FIRST UNION NATIONAL BANK OF NORTH CAROLINA and J. E. Broyhill, Trustees under the Will of T. H. Broyhill, Deceased, v. R. T. BROYHILL et al., and all other persons whose names are unknown, in being or who may be in being, including unborn grandchildren of T. H. Broyhill, deceased, who have or may have any interest in the estate of T. H. Broyhill, deceased.

No. 316.

Supreme Court of North Carolina.

December 16, 1964.

*216 Kennedy, Covington, Lobdell & Hickman, Clarence W. Walker, Charlotte, and Marshall E. Cline, Lenoir, for plaintiffs.

Fate J. Beal, Lenoir, for defendants Mary Caroline Blackwelder and Barbara Ann Blackwelder.

W. T. Carpenter, Jr., Lenoir, guardian ad litem.

MOORE, Justice.

This will confers upon the trustees no express power of sale. This the plaintiffs concede. The question is whether such power is conferred by implication.

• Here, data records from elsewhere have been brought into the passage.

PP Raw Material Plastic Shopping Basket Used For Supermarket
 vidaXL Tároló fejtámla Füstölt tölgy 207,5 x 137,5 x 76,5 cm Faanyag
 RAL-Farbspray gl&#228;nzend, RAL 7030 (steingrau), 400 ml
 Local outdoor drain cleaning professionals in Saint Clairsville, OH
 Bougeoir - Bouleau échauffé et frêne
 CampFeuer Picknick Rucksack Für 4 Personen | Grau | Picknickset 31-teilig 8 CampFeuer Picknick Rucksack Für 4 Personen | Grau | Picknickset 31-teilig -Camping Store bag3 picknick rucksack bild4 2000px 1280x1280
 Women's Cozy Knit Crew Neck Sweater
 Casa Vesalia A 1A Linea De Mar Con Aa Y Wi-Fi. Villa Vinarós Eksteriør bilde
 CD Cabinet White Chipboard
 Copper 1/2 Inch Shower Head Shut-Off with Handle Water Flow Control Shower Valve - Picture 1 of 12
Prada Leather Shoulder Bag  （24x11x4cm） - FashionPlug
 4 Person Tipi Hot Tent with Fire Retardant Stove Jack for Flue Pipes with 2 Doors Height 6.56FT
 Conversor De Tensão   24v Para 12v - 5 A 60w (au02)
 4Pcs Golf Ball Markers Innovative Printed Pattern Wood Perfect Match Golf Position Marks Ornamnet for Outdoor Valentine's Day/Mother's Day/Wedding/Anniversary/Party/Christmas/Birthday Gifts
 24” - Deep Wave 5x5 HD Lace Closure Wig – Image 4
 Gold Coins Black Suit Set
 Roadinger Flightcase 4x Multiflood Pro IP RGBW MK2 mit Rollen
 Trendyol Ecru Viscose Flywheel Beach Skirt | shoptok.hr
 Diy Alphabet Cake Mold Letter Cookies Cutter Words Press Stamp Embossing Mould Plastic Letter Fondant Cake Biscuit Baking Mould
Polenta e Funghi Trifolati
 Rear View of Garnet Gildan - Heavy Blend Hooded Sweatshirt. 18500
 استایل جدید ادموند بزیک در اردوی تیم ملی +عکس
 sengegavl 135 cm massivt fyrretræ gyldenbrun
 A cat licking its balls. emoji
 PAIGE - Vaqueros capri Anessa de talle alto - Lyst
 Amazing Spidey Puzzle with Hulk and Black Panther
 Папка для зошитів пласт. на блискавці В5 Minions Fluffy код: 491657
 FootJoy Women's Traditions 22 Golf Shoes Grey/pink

Applicable principles are succinctly stated in Hall v. Wardwell, 228 N.C. 562, 46 S.E.2d 556, as follows:

"In the absence of authority conferred by the will, * * * a trustee under a testamentary trust has no authority to convey the fee in the land devised. But the power to convey need not be expressly conferred. It may be implied from the context of the will. 54 A.J. 349. It is purely a question of testamentary intent. Tippett v. Tippett, 24 Del.Ch. 115, 7 A.2d 612; 3 Bogert, Trusts and Trustees, pt. 2,558.

"The implication may result from language necessarily requiring the exercise of the power, from the statement of purposes, or the conferring of other powers or duties to which the power of sale is essential. 54 A.J. 349."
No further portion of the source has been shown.